To do -> The exercise calls for exact output of the lines between the one that contains "Bürgermeister Andreas Geron" and the end of the data, with both ends kept and pictures left out.
START Data records
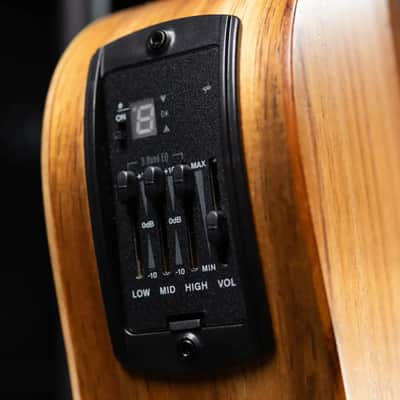 Taylor BTe-Koa Baby Taylor Acoustic/Electric Guitar with Gig Bag image 13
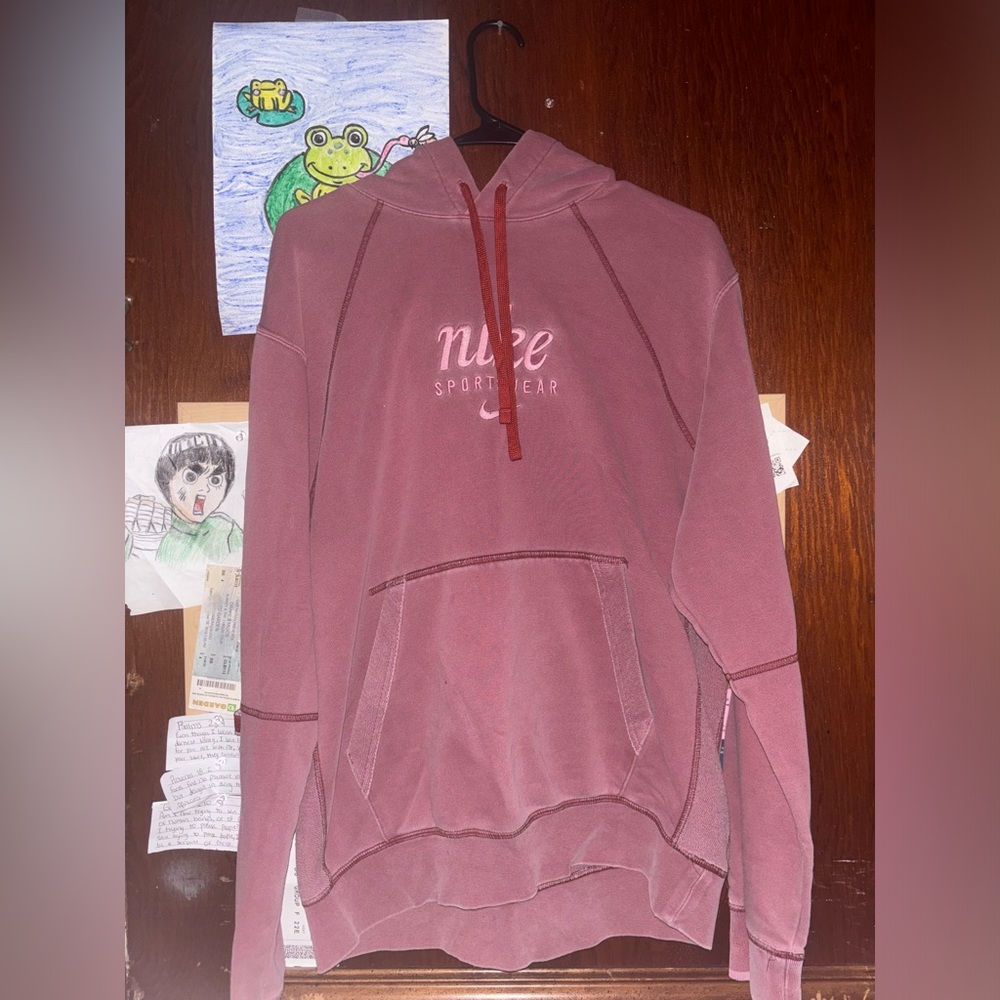 Men’s vintage Nike hoodie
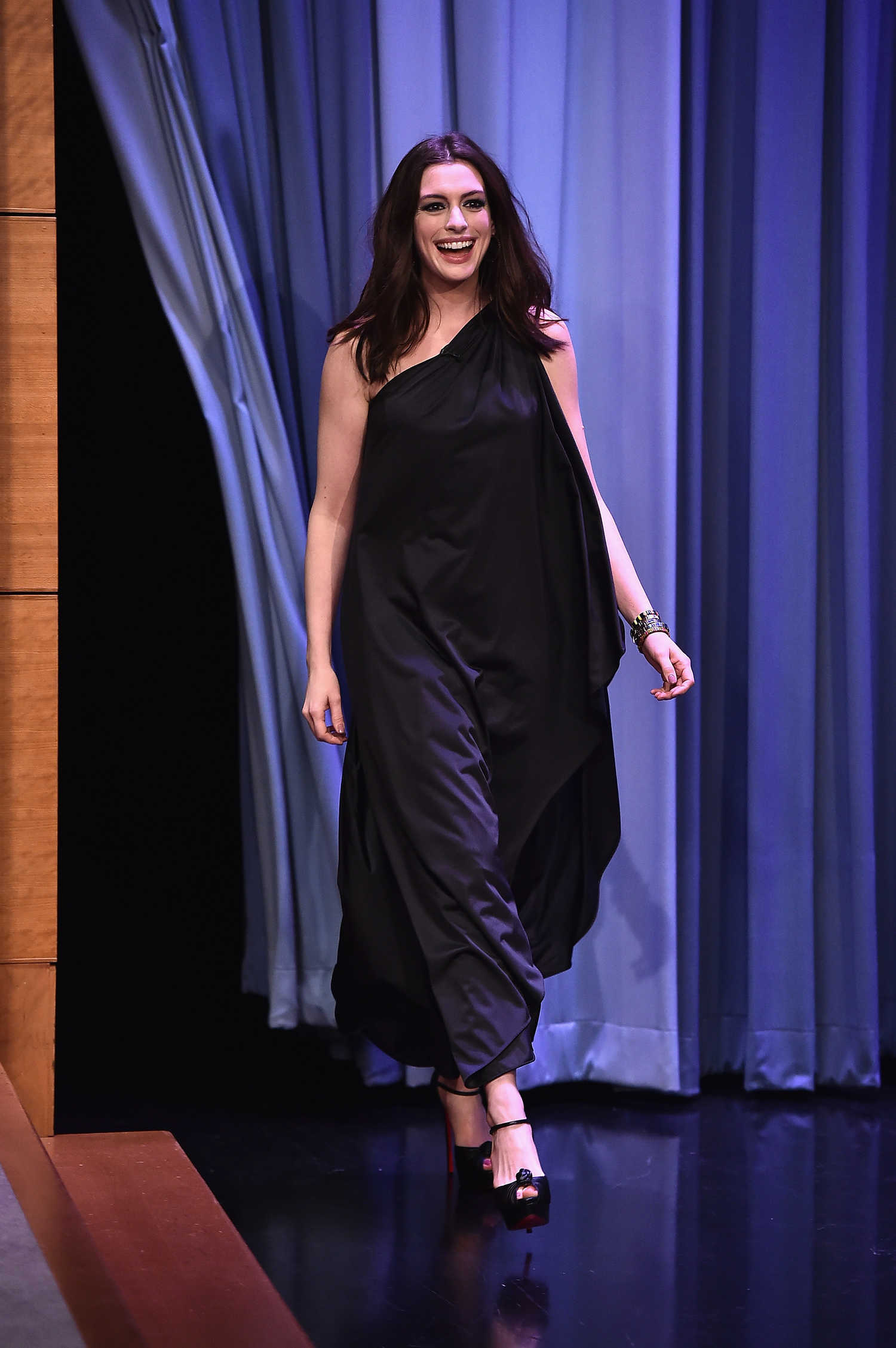 Anne Hathaway Visits The Tonight Show Starring Jimmy Fallon – Celeb Donut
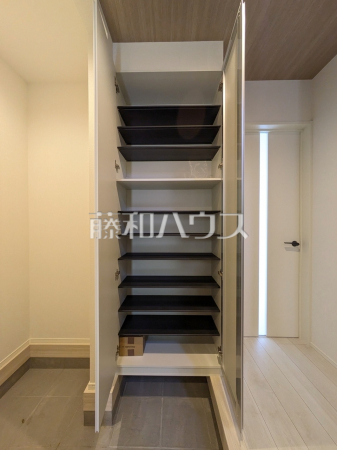 玄関収納　【朝霞市浜崎４丁目】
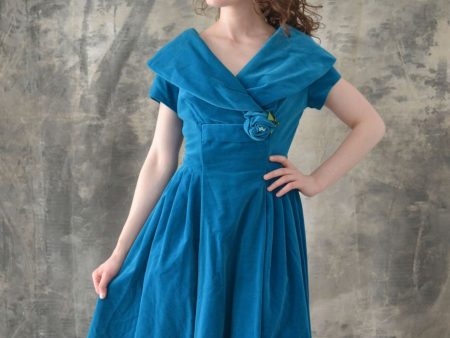 1950s Teal Velvet Dress Fashion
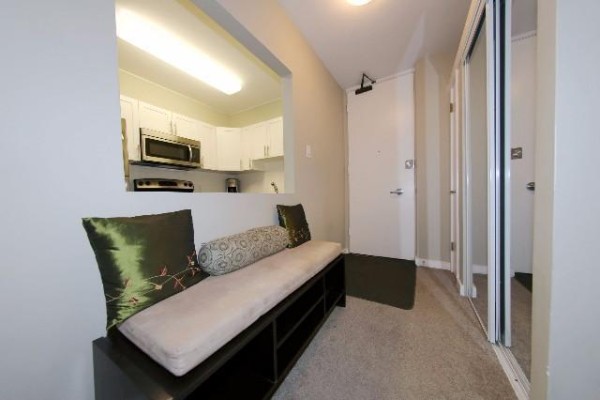 Kitchen - 409 71 Roslyn Road, Winnipeg, MB R3L0G2 Photo 3
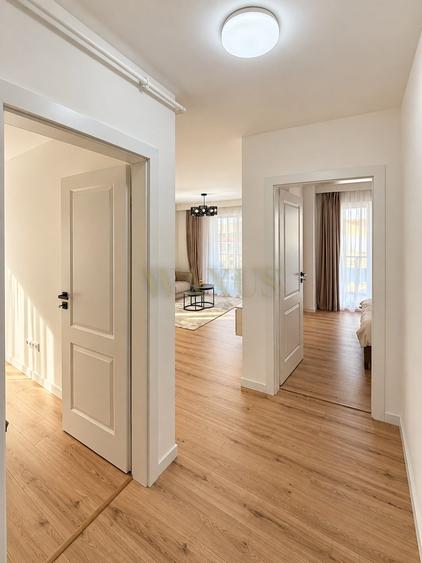 Apartament cu 3 camere semidecomandat, mobilat în Florești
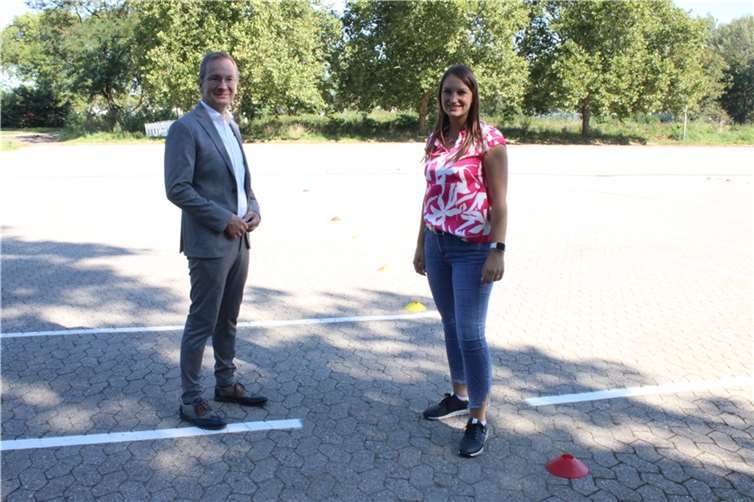 Bürgermeister Andreas Geron (l.) konnte sich vor kurzem gemeinsam mit Sofia Lunnebach von der GEWI über die Fortschritte am Verkehrsübungsplatz überzeugen.Foto: Stadtverwaltung Sinzig (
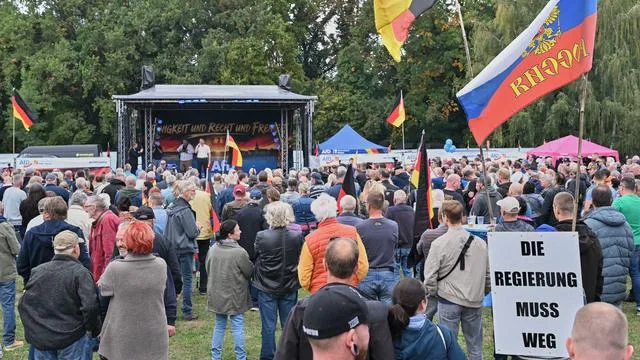La polizia indaga sugli attacchi ai YouTuber durante un evento AfD a Fürstenwalde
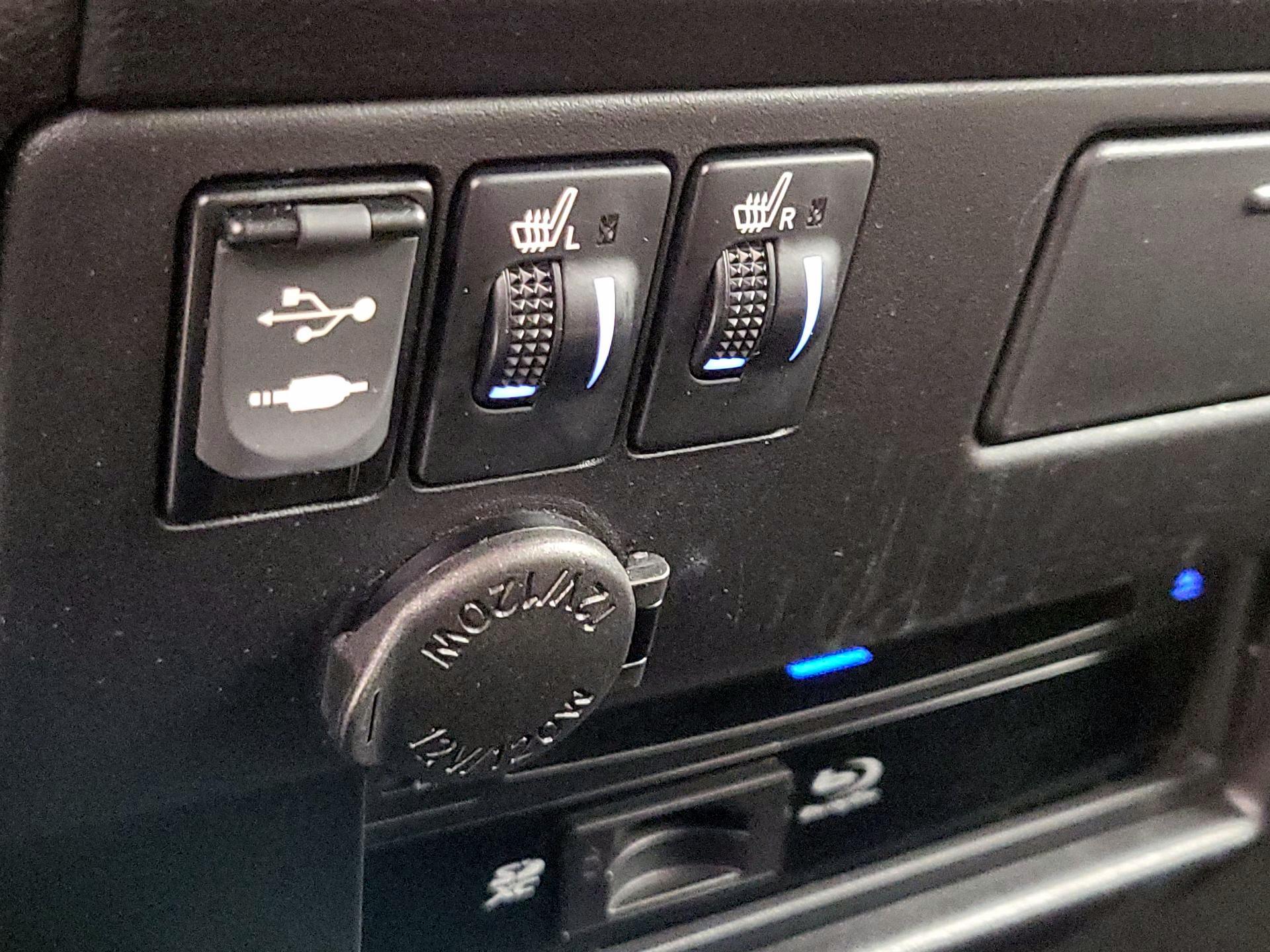 Thumbnail: 2016 Toyota Sienna - 18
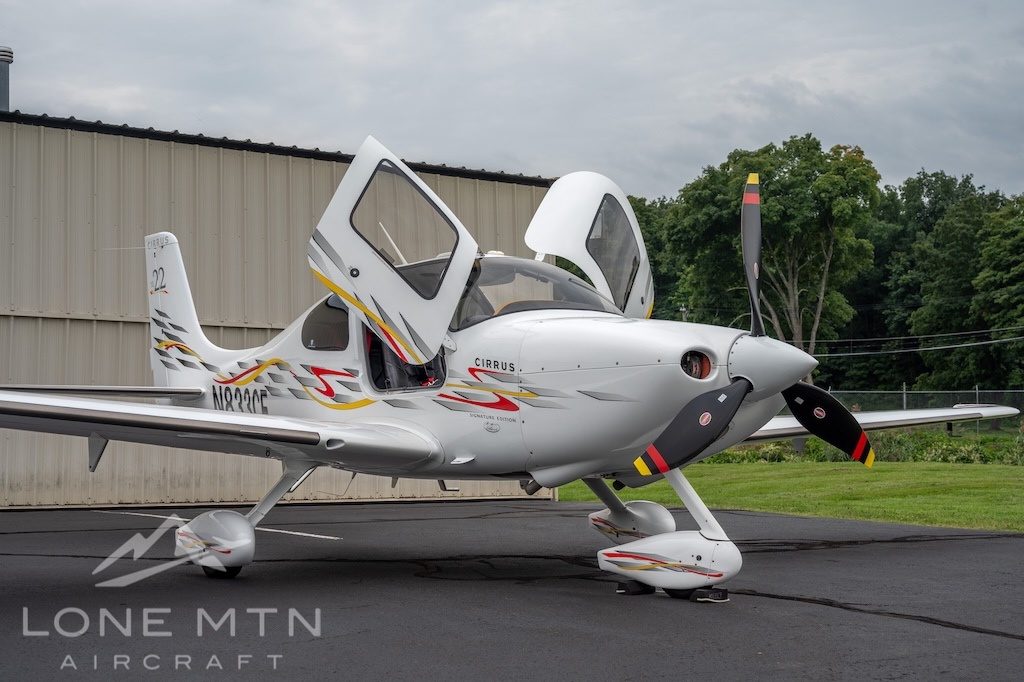 2006 CIRRUS SR22 G2 (N833CF)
END Data records
Reply to the task ->
 Bürgermeister Andreas Geron (l.) konnte sich vor kurzem gemeinsam mit Sofia Lunnebach von der GEWI über die Fortschritte am Verkehrsübungsplatz überzeugen.Foto: Stadtverwaltung Sinzig (
La polizia indaga sugli attacchi ai YouTuber durante un evento AfD a Fürstenwalde
 Thumbnail: 2016 Toyota Sienna - 18
 2006 CIRRUS SR22 G2 (N833CF)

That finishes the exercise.